:: Task item ::
Copy the complete listing word for word, but do not carry over any images.

*** Provided data Section Begins ***

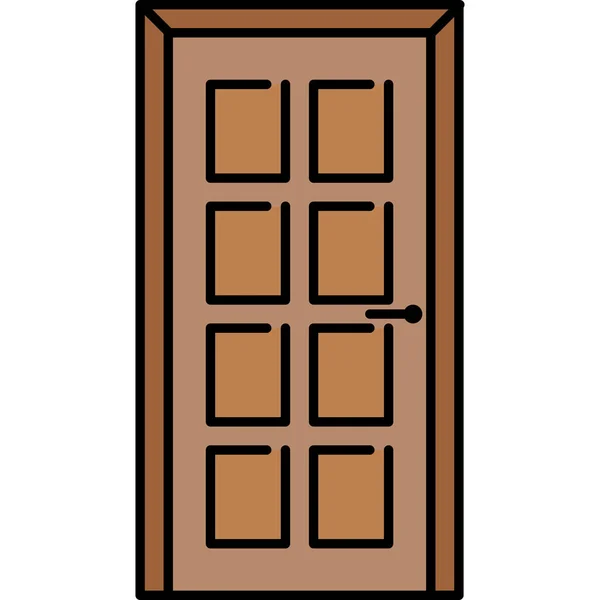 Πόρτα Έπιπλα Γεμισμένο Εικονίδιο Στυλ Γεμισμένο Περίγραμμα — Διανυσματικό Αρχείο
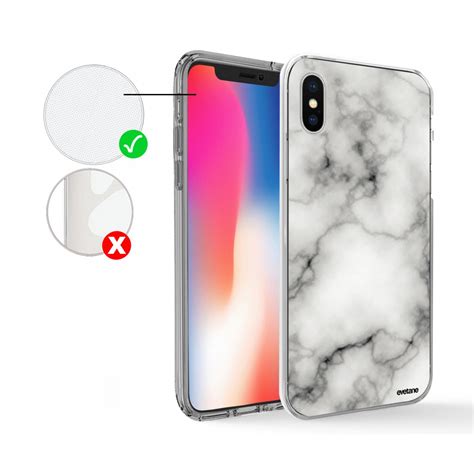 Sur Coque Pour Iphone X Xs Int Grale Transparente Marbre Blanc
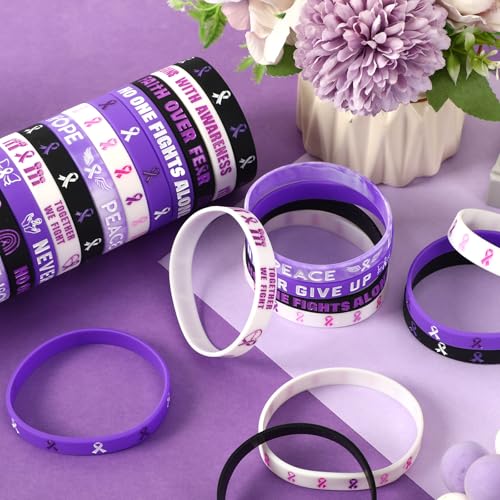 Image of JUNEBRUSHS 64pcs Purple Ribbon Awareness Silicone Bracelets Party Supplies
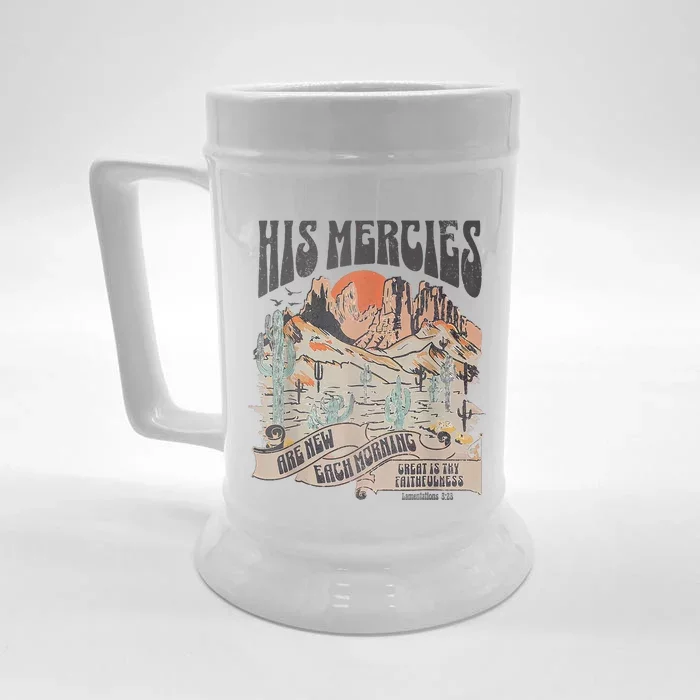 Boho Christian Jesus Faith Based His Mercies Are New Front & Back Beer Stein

*** Provided data Section Ends ***

:: Answer for the task ::
 Πόρτα Έπιπλα Γεμισμένο Εικονίδιο Στυλ Γεμισμένο Περίγραμμα — Διανυσματικό Αρχείο
 Sur Coque Pour Iphone X Xs Int Grale Transparente Marbre Blanc
 Image of JUNEBRUSHS 64pcs Purple Ribbon Awareness Silicone Bracelets Party Supplies
 Boho Christian Jesus Faith Based His Mercies Are New Front & Back Beer Stein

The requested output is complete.